● **Data excerpts**
::::::::

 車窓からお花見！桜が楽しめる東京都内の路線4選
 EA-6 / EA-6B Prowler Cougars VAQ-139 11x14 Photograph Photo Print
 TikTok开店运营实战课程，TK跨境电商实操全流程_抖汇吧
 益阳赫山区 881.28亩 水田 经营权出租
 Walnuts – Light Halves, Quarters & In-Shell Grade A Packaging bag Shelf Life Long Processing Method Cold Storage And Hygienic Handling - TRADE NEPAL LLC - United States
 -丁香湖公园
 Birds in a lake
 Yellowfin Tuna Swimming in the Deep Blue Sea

::::::::

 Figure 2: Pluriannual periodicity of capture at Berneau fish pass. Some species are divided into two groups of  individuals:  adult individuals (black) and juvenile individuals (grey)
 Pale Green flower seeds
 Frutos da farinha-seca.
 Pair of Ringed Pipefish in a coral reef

::::::::

● **What to do**
From the records above, quote only the lines running from the line with "車窓からお花見！桜が楽しめる東京都内の路線4選" to the line with "Yellowfin Tuna Swimming in the Deep Blue Sea", both lines included.

● **Output below**
 車窓からお花見！桜が楽しめる東京都内の路線4選
 EA-6 / EA-6B Prowler Cougars VAQ-139 11x14 Photograph Photo Print
 TikTok开店运营实战课程，TK跨境电商实操全流程_抖汇吧
 益阳赫山区 881.28亩 水田 经营权出租
 Walnuts – Light Halves, Quarters & In-Shell Grade A Packaging bag Shelf Life Long Processing Method Cold Storage And Hygienic Handling - TRADE NEPAL LLC - United States
 -丁香湖公园
 Birds in a lake
 Yellowfin Tuna Swimming in the Deep Blue Sea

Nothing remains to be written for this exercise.